- "The Art of Evolution" poster for the episode
- Episode no.: Season 2 Episode 11
- Directed by: Billy Gierhart
- Written by: Maurissa Tancharoen; Jed Whedon;
- Cinematography by: Feliks Parnell
- Editing by: David Crabtree
- Original air date: March 3, 2015
- Running time: 43 minutes

Guest appearances
- Kyle MacLachlan as Calvin Zabo; Henry Simmons as Alphonso "Mack" Mackenzie; Ruth Negga as Raina; Simon Kassianides as Sunil Bakshi; Adrian Pasdar as Glenn Talbot; Jamie Harris as Gordon; Fred Dryer as Octavian Bloom; Henry Goodman as List; Dichen Lachman as Jiaying;

Episode chronology
| ← Previous "What They Become" | Next → "Who You Really Are" |
- Agents of S.H.I.E.L.D. season 2

= Aftershocks (Agents of S.H.I.E.L.D.) =

"Aftershocks" is the eleventh episode of the second season of the American television series Agents of S.H.I.E.L.D. Based on the Marvel Comics organization S.H.I.E.L.D., it follows Phil Coulson and his team of S.H.I.E.L.D. agents as they race to strike back against Hydra after an apparent defeat to the latter, while several characters discover they have gained new abilities following the end of the previous episode. It is set in the Marvel Cinematic Universe (MCU) and acknowledges the franchise's films. The episode was written by Maurissa Tancharoen and Jed Whedon, and directed by Billy Gierhart.
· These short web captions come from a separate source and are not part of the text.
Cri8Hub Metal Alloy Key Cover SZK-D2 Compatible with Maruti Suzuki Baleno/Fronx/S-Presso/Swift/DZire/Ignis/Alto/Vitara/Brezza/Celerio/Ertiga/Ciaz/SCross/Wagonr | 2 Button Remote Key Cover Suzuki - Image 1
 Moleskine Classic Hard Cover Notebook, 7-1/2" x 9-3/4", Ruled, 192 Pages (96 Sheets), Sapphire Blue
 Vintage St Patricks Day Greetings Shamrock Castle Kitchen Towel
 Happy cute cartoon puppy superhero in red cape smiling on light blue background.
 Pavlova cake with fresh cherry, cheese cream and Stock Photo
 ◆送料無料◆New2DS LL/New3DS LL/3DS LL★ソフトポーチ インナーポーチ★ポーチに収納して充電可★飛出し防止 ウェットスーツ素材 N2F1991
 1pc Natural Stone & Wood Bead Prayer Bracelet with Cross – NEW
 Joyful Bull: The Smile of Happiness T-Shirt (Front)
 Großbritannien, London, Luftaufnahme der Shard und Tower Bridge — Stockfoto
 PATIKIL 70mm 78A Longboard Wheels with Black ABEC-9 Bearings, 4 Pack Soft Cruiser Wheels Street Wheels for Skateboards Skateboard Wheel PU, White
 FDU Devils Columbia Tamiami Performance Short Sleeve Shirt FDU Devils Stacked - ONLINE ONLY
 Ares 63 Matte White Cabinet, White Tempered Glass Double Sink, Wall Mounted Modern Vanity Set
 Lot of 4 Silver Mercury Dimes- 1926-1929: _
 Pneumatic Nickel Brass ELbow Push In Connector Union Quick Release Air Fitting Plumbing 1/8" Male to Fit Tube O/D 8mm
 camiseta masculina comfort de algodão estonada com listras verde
Clark Gregg reprises his role as Coulson from the film series, and is joined by series regulars Ming-Na Wen, Brett Dalton, Chloe Bennet, Iain De Caestecker, Elizabeth Henstridge, Nick Blood, and Adrianne Palicki. Palicki was promoted to series regular with this episode, after having a recurring guest role in the first half of the season. The episode also saw the return of Marvel's "The Art of..." marketing initiative.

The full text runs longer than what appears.